It's like you knew that I had spent long nights, revved on a cup (or a few) of black coffee and self-hatred, notes in one hand, the other hand in my hair.
It's like you knew my notes were wrinkled and slightly torn from all of the times I flipped through the pages or jammed the notebook into my backpack after a quick study session. It's like you knew that even on nights when I'd called it quits early (or got kicked out of some campus building for being there too late), giving up my studies for a few precious hours of sleep, that I still lay awake, stressed, knowing that I could be studying.

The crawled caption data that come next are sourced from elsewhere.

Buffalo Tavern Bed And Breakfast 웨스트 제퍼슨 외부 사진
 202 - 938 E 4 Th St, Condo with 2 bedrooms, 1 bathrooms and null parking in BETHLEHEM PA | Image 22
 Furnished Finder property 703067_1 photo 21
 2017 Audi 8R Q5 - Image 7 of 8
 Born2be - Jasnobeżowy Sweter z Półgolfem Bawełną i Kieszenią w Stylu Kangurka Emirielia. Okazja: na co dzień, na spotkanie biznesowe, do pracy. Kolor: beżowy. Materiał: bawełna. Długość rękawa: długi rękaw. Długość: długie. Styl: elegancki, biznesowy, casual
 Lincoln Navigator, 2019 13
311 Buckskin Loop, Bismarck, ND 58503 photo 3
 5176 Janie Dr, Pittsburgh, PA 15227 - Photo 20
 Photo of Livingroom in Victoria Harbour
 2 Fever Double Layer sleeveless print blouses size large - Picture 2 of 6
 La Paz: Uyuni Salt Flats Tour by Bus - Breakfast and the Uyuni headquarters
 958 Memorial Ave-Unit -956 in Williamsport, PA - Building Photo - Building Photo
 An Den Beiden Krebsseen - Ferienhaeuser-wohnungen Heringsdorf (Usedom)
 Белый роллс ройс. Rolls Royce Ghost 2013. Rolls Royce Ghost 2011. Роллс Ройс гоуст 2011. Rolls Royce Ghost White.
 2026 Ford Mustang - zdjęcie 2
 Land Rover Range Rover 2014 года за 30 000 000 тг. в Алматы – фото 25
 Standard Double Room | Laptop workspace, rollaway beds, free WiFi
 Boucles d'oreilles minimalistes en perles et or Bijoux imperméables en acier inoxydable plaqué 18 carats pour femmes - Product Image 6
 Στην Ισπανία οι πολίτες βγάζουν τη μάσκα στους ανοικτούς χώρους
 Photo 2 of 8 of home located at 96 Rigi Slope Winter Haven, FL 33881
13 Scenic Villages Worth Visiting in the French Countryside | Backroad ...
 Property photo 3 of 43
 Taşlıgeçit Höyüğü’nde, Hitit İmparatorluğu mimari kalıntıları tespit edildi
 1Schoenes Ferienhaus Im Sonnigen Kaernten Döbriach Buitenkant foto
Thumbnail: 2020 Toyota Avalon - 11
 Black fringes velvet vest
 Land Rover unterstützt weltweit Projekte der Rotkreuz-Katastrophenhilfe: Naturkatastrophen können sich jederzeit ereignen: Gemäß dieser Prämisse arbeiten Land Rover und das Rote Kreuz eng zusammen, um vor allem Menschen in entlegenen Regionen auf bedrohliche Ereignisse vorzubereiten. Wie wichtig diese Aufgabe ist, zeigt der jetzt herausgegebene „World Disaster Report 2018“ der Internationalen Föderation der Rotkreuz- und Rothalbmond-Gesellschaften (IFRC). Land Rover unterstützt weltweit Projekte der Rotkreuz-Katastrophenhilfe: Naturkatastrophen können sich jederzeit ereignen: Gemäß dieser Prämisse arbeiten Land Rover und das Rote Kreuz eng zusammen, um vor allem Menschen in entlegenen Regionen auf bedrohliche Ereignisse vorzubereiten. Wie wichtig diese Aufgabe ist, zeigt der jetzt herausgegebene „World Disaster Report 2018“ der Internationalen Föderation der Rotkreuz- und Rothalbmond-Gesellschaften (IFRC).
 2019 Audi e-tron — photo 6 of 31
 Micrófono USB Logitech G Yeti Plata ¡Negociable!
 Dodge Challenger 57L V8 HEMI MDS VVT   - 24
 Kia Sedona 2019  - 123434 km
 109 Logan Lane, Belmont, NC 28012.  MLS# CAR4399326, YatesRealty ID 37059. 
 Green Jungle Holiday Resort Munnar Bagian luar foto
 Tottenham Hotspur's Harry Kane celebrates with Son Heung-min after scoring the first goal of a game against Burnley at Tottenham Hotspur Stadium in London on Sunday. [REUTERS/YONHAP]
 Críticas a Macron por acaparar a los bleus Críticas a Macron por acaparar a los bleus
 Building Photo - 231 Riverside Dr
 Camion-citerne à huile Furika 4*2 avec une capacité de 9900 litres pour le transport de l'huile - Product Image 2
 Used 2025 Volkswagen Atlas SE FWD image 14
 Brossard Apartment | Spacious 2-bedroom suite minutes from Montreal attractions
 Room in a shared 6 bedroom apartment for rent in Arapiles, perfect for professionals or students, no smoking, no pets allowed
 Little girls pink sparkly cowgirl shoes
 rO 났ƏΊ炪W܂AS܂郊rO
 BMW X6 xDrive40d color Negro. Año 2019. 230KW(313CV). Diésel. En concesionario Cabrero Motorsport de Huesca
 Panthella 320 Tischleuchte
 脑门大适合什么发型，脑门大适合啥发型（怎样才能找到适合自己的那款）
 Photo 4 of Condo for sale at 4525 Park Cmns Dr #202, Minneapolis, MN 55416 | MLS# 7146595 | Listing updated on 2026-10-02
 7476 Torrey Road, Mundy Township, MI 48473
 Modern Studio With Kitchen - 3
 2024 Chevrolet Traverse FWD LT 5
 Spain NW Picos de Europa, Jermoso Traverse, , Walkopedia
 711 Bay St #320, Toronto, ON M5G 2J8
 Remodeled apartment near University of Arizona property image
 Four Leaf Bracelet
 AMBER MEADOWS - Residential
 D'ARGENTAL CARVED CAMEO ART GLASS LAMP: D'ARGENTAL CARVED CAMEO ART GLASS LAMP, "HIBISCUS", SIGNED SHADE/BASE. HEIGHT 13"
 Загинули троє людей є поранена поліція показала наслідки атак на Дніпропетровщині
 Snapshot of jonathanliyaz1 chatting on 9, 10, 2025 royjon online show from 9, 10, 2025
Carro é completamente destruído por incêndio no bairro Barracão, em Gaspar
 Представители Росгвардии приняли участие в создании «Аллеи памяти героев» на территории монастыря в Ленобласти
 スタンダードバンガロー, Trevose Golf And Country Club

It's like you knew that I had adopted a state of ugly for an entire week, minimal showers, hair barely combed, and an not a speck of makeup to my face. It's like you knew that I had juggled all of the possibilities of this exam and how it could affect my grade, and therefore, my GPA. It's like you knew all of these things, yet you wanted to watch me crash and burn all at once.
I always told myself that some Ls (losses) were okay, but I was in no mood for an L this time. I studied harder than ever, my notes were impeccable, and my review strategies were nearly flawless. I was motivated and defiant; I was going to get an A, and there was nothing an exam like you could do about it, even with your tricky questions and material that had never been covered before in class. For this exam, I didn't even need a wish of good luck from a friend, seeing as I didn't need luck. I was locked and ready to rock.
Kill this exam. Kill this exam. Kill this exam.
The mantra repeated in my head as I approached my usual seat. I sat down, confident as ever, whipped out my pencils, and waited for an exam to be placed in front of me.
I was given an exam, put my name on it, and flicked to the second page.
Problem 1) I got this. I so don't got this. Problem 2) Not again, I repeated the same process with problems 3, 4, and 5. This isn't what I signed up for.
You could've brought me to tears right then in there, but I couldn't be the crazy person crying in the middle of the room. Instead, you brought on something worse. I could feel my face getting hot, my breathing getting heavy, and the sweat beading on my body. I was a disaster, and it's like you were doing this to just torture me.
I'm in a horrible place, and this is because of you, you blasted exam. I felt my confidence crumble like a pile of bricks. Slowly, in front of me, my dreams were crumbling. I was going to miss all five questions (and possibly more), I was going to fail the exam, and my career would never become a reality.
Yeah, it had to be because you were torturing me because you knew how hard I prepared. I suffered through it, you know, but that's okay.
Actually, it's not. It killed me a lot inside. Until we meet again, impossible exam.